This section tests the COBAYN approach on the CM3 and CA8 using a publicly available implementation available on GitHub: https://github.com/amirjamez/COBAYN.

## 4.3.1 Choice of flags

To demonstrate the impact of limiting the set of flags on which compiler tuning is focused, this section compares the seven flags explored by COBAYN with the 133 flags on which this thesis







Figure 4.5: Performance of exhaustive search (7 flags) and RIC/CE search (133 flags) (CA8 BEEBS)



Figure 4.6: Performance of exhaustive search (7 flags) and RIC/CE search (133 flags) (CA8 cBench)

focuses. Exhaustive data for the 128 configurations yielded by the seven flags are compared to RIC and CE data for the 133 flags for the CM3 and CA8.

On the CM3, the seven flags achieved 12% speed-up while the 133 flags achieved 16% speed-up (Fig. 4.4). Similarly, on the Cortex-A8, the seven flags achieved 11% speed-up on both BEEBS and cBench, while the 133 flags achieved 16% on BEEBS and 20% on cBench (Figs. 4.5 and 4.6). Therefore, it is clearly advantageous to develop methods that can handle large sets of flags in order to access these additional speed-ups and avoid the extra effort of reducing the flag set before experimentation can begin on each platform.

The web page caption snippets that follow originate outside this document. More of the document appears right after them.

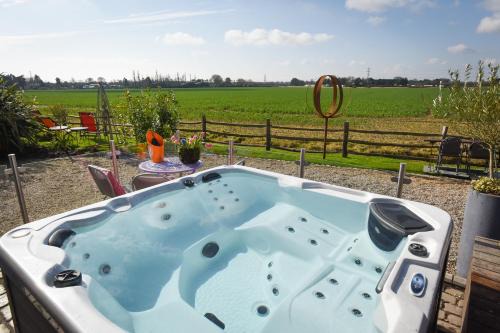 Emsworth House | Air Maison - The Cow Shed WOW Factor Countryside Retreat
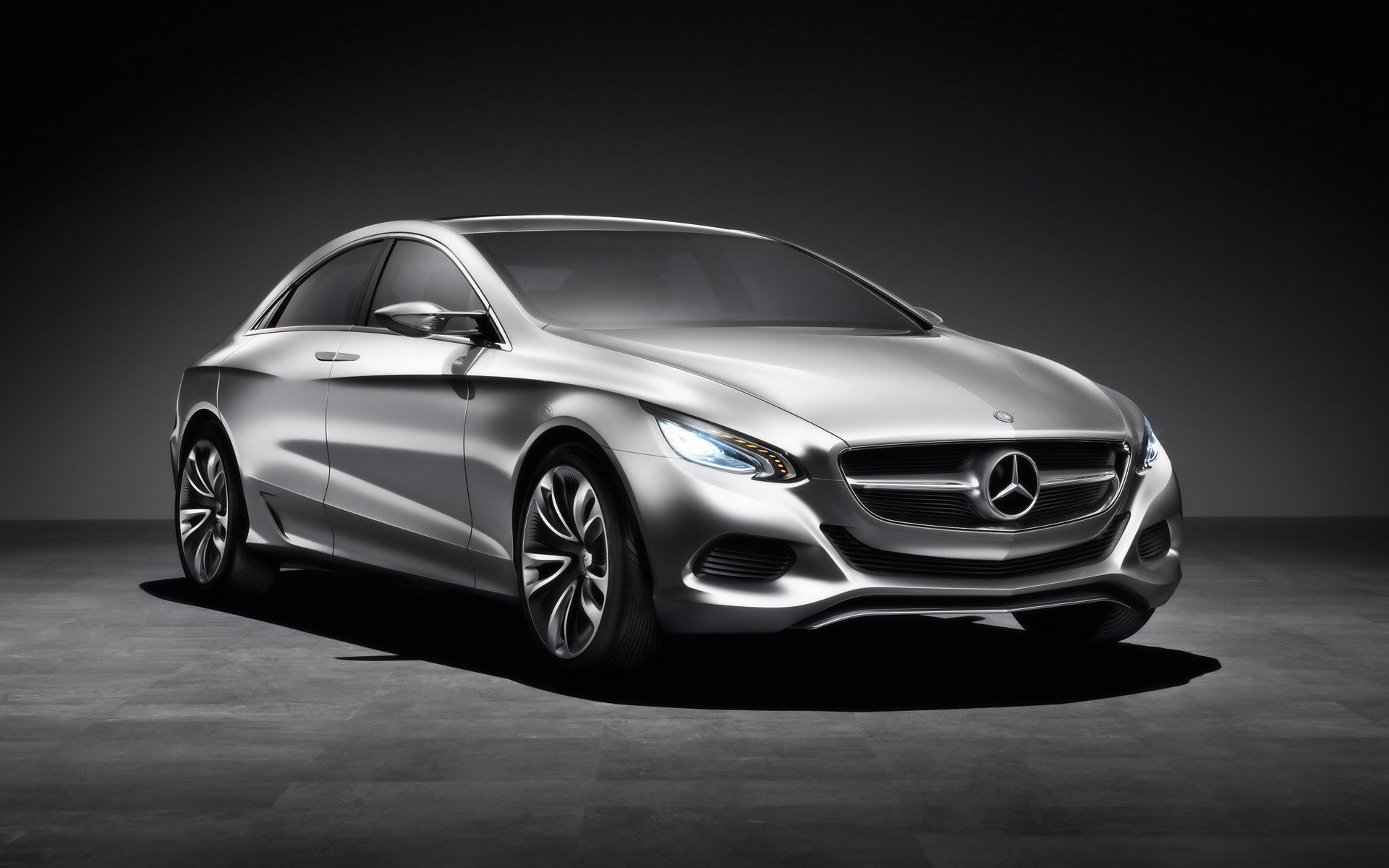 mercedes-benz f800 concepto metálico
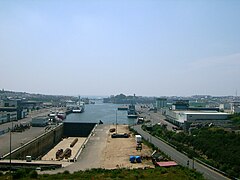 Vista de los astilleros y de las instalaciones del puerto.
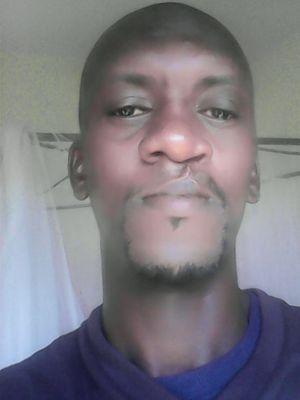 WadeKazo's profile picture. marié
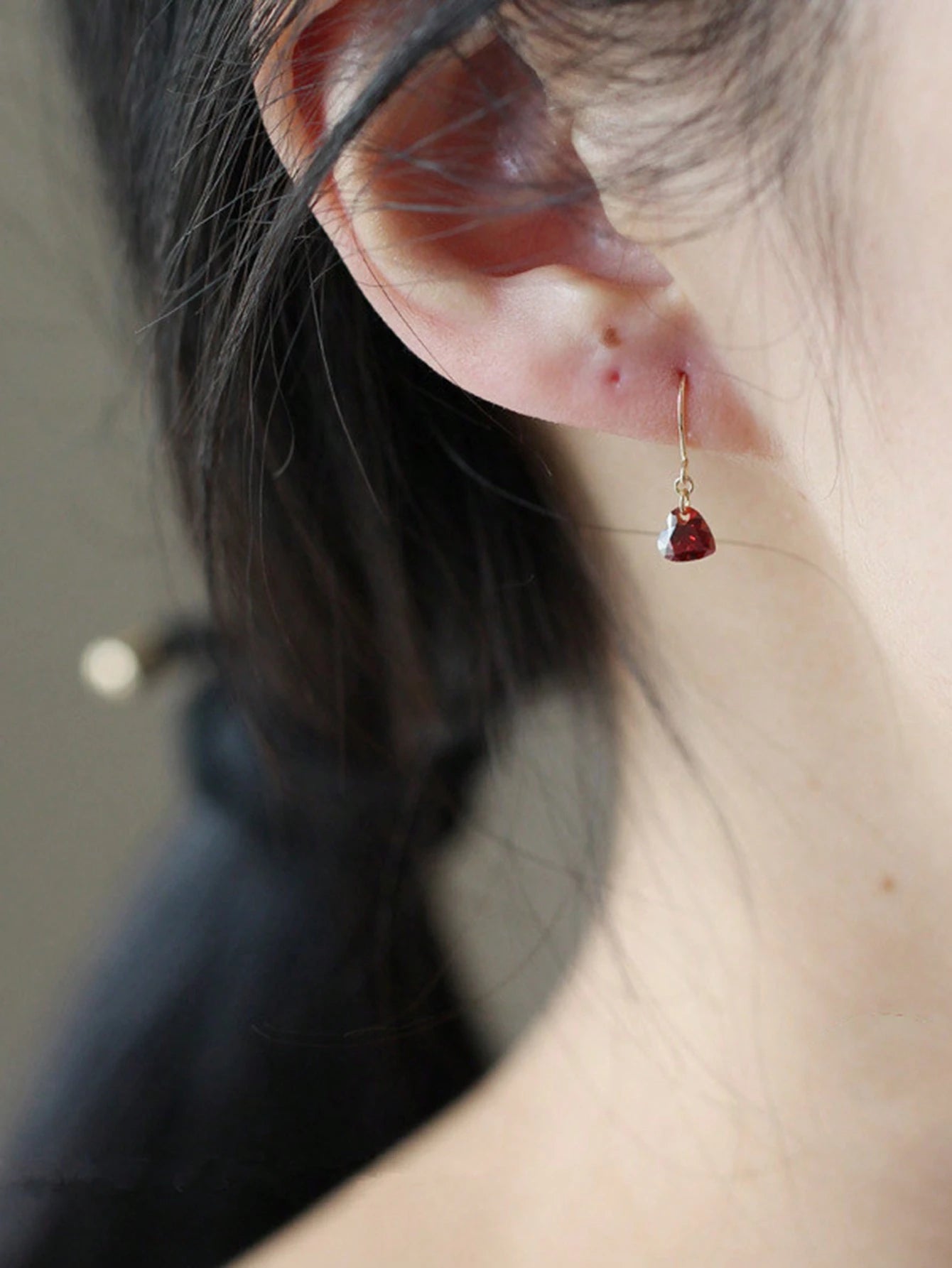 1 Pair S925 Sterling Silver Wine Red Heart Shaped Elegant Earrings, Ideal Gift For Friend/Classmate Birthday Party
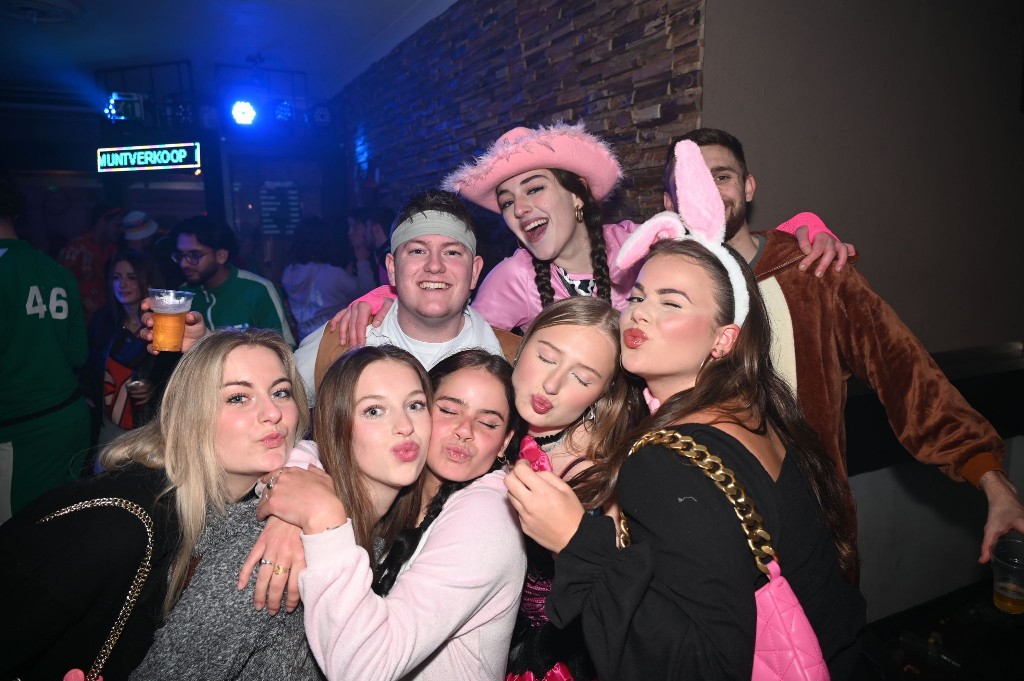 ../Images/Afterparty carnaval 2025 103.jpg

There were some cases where the seven flags found much larger improvements, this is due to the inclusion of -funsafe-math-optimizations in the seven flags; this flag was excluded from the 133 flags explored in this thesis because it does not conform to IEEE floating point standards and may produce incorrect/inaccurate output. Should the user wish to benefit from this flag while using a method trained with the 133 flags, they can simply try adding it to whatever configuration has been generated. Additionally, the automaticity of these approaches make it convenient to target whichever candidate flags are desired.

Not only does choosing a small set of flags limit the improvements that can be made on some programs, this selection may need to be done for each new platform. Therefore, it is advantageous to let the compiler tuning approach decide which flags are most important by embedding this decision into the methodology.

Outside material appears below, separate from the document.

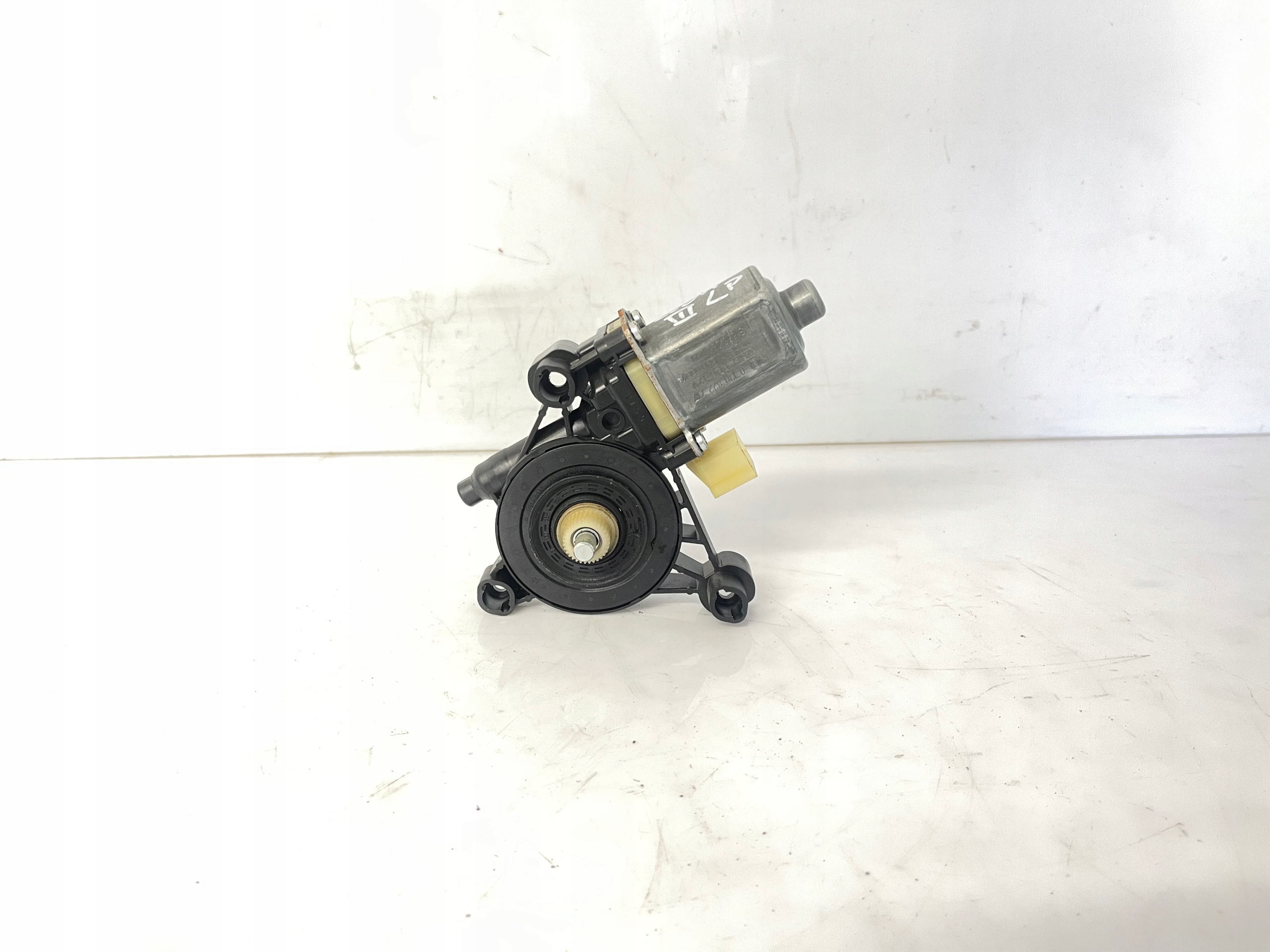 SEAT LEON III HB mini motor windows left front 5Q0959801B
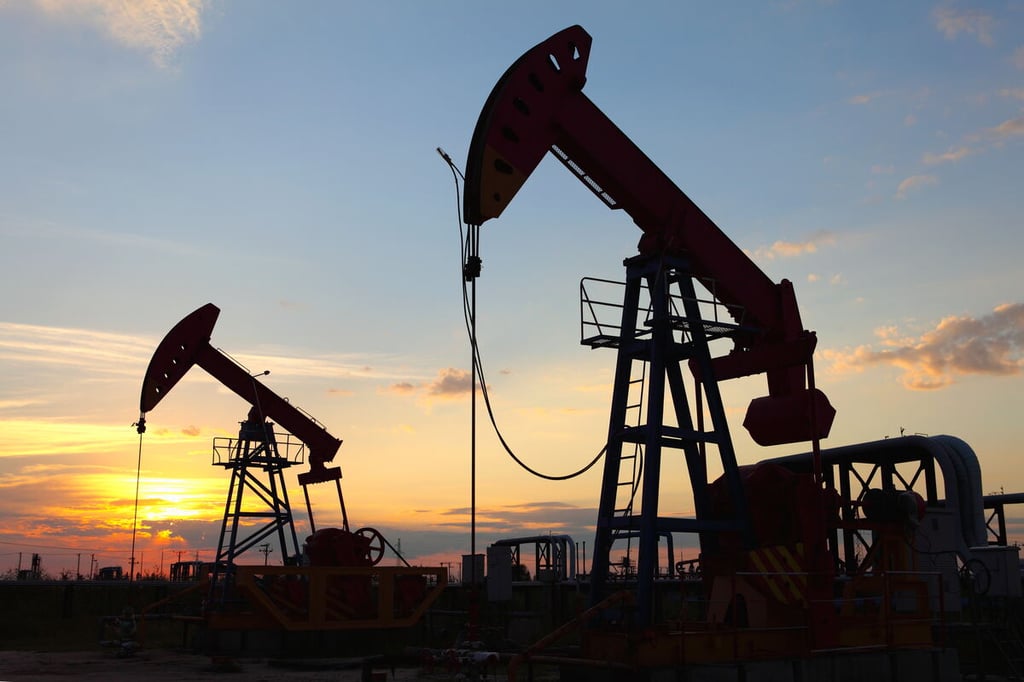 أسعار النفط ترتفع مع ازدياد المخاوف بسبب التوترات الإقليمية وتراجع الطلب الصيني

## 4.3.2 Performance of COBAYN models

Both the 1-shot and 8-shot modes were tested on static features. 1-shot often produced configurations worse than -03 (Figs. 4.7 and 4.8). Conversely, 8-shot came close to the best possible configuration of the seven flags in most cases. Given there are only seven flags and some or all effects may be independent, it is not unlikely that a near-optimal configuration is found within eight attempts. The poor performance of 1-shot is not surprising as the original study shows that it takes 2-3 configurations to start outperforming -03. The fact that 1-shot often performs significantly worse than -03 suggests a weakness in the model and demonstrates that predicting the configuration in 1-shot is a much harder problem. While 8-shot gets close to the best seven flag configuration, it requires multiple evaluations to achieve this, which becomes infeasible for larger programs with long compilation times.

It was not possible to test COBAYN on cBench due to a bug in the framework. Although it would be interesting to pursue fixing the bug, this falls outside the scope of this thesis. COBAYN also does not appear to scale well to a large set of flags. When trying to train a model for the 133 flags, the framework crashed. This limitation means that users must invest extra effort to select a reduced flag set before gathering training for COBAYN and this process needs repeating for each new platform. The approaches developed in this thesis allow large sets of flags to be used and do not assume prior knowledge of which flags are important. In fact, the sensitivity analysis

within the ILP method (Ch. 7) automatically filters important flags for a given configuration.

# 4.4 Summary of results

This chapter re-evaluated Milepost and COBAYN and found that overall, the 1-shot approaches performed worse than -03 (Table. 4.1). The only exception was COBAYN 1-shot which achieved a 3% improvement on CM3 BEEBS. In contrast, the COBAYN 8-shot methods reached higher gains of 11% on CM3 BEEBS and 9% on CA8 BEEBS, but this is at the expense of running each program eight times.

Table 4.1: Average improvement made by Milepost and COBAYN

| Platform | Benchmarks | 1NN-prob | 1NN-best | COBAYN 1-shot | COBAYN 8-shot |
|----------|------------|----------|----------|---------------|---------------|
| CM3      | BEEBS      | -13%     | -12%     | 3%            | 11%           |
| CA8      | BEEBS      | -22%     | -20%     | -3%           | 9%            |
| CA8      | cBench     | -4%      | -6%      | -             | -             |



Figure 4.7: Performance of COBAYN in 1-shot and 8-shot mode (CM3)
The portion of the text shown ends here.